OSU-NLP-Group / LLM4Chem

Official code repo for the paper "LlaSMol: Advancing Large Language Models for Chemistry with a Large-Scale, Comprehensive, High-Quality Instruction Tuning Dataset"
https://osu-nlp-group.github.io/LLM4Chem/
MIT License
62 stars 5 forks source link

Model usage for Property Prediction #6

Open kunaldahiya opened 1 month ago

kunaldahiya commented 1 month ago

Hi,

Thanks for releasing the code. I was trying out the trained model for Property Prediction - Clintox. I used the following snippet (as suggested).

from generation import LlaSMolGeneration

generator = LlaSMolGeneration('osunlp/LlaSMol-Mistral-7B')
generator.generate('Is <SMILES> COC[C@@H](NC(C)=O)C(=O)NCC1=CC=CC=C1 </SMILES> toxic?')

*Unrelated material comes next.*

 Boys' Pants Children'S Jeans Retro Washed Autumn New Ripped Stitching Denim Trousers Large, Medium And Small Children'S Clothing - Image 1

It runs; however, it always responds with "No" for all the molecule in "data/raw/test/property_prediction-clintox.jsonl". Same issue was observed when I tried on some other molecules. Can you please look into this? Please let me know if I need to change something while running.

Thanks!

btyu commented 1 week ago

Thank you for bringing this to our attention. Since most compounds in the training data are not toxic, the model may have inevitably learned the bias and tend to respond "No". Larger-scale and more balanced training data would alleviate this problem. Thanks again for your interest.